Her lawyers, Messrs Stéphane Babonneau, Olivier Pardo and Laurence Dauxin-Nedelec, declared having read “with dismay” of the decision, “especially since Isabelle Adjani was unable to explain herself in court (and ) that the main witness to the facts had said for a long time that he could not be there”.

The trial on October 19 was held without the actress, who was in the United States, and without Mr. Diagna NDiaye, cited as a witness. His defense requested the postponement of the hearing, citing in particular an “acute pathology”, but the court rejected this request, saying it doubted his “real intention” to come to the stand.

“Error”

“If Isabelle Adjani, who has always affirmed her innocence, does not ask – given her notoriety – to be judged better than other litigants, there is no reason for her to be judged less well, without less of rights”, added Me Pardo. “It is therefore with confidence and determination that we will invite him to immediately appeal.”

The court went beyond the requisitions of the National Financial Prosecutor’s Office (PNF), which had requested during the trial an 18-month suspended prison sentence and a fine of 250,000 euros, as well as a two-year ban on civil rights – an additional sentence. which was nevertheless not pronounced by the court.

The defense claimed that she had made an “error” in her tax return by residing in Portugal, having been “badly advised” at the time.

Concerning the sum transferred by Mr. Diagna NDiaye, the lawyers had argued the good faith of the defendant, who had signed a “loan agreement under the supervision of a tax lawyer”. Finally, they maintained that the 119,000 euros transferred were intended to “make a donation to the family of her housekeeper, so that she could acquire property in Portugal”.

The artist regularized her situation by paying 723,000 euros to the tax authorities for income tax, but she still owes 2.5 million euros with penalties for the other part.

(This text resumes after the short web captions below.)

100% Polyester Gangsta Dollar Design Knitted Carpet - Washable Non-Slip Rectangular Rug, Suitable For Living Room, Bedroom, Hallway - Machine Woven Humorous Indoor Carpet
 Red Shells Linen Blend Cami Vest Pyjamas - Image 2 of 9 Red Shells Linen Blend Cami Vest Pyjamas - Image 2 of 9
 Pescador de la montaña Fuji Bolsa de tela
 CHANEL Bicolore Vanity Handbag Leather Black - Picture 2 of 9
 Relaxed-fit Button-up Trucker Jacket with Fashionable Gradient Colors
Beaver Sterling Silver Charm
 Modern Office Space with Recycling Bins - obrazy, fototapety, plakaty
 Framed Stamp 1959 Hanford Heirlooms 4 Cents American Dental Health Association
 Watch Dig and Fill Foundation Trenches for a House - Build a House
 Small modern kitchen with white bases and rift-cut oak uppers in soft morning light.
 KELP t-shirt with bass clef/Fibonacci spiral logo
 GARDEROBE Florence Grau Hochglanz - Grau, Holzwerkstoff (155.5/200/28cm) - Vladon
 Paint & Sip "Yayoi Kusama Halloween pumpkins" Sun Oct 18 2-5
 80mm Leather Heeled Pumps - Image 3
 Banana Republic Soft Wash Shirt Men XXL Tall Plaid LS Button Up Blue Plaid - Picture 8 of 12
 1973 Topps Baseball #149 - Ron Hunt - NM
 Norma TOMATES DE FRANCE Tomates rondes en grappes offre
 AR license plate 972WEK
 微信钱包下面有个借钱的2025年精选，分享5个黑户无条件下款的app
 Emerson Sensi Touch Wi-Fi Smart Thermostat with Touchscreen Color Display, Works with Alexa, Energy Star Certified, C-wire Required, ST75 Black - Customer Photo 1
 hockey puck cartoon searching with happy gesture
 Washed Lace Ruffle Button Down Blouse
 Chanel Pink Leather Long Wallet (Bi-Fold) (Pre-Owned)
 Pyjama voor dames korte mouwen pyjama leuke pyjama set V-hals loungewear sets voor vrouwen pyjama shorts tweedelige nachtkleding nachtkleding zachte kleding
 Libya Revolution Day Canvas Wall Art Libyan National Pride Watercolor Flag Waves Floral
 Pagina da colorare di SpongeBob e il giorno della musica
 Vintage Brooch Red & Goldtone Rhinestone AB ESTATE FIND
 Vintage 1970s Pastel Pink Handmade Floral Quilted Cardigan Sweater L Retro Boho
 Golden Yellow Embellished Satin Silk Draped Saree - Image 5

The investigation was opened in 2016 after the name of Isabelle Adjani appeared in the Panama Papers, as the owner of a company in the British Virgin Islands. The investigations did not lead to any prosecution on this aspect but they revealed other suspicions.

Star actress, known among others for her roles in “The Story of Adèle H” (1975), “L’été Murderer” (1983), “Camille Claudel” (1988) and “La Reine Margot” (1994) , Isabelle Adjani released an album this fall, forty years after “Pull Marine” with Serge Gainsbourg, and she is also starring in “Voleuses” by Mélanie Laurent on Netflix.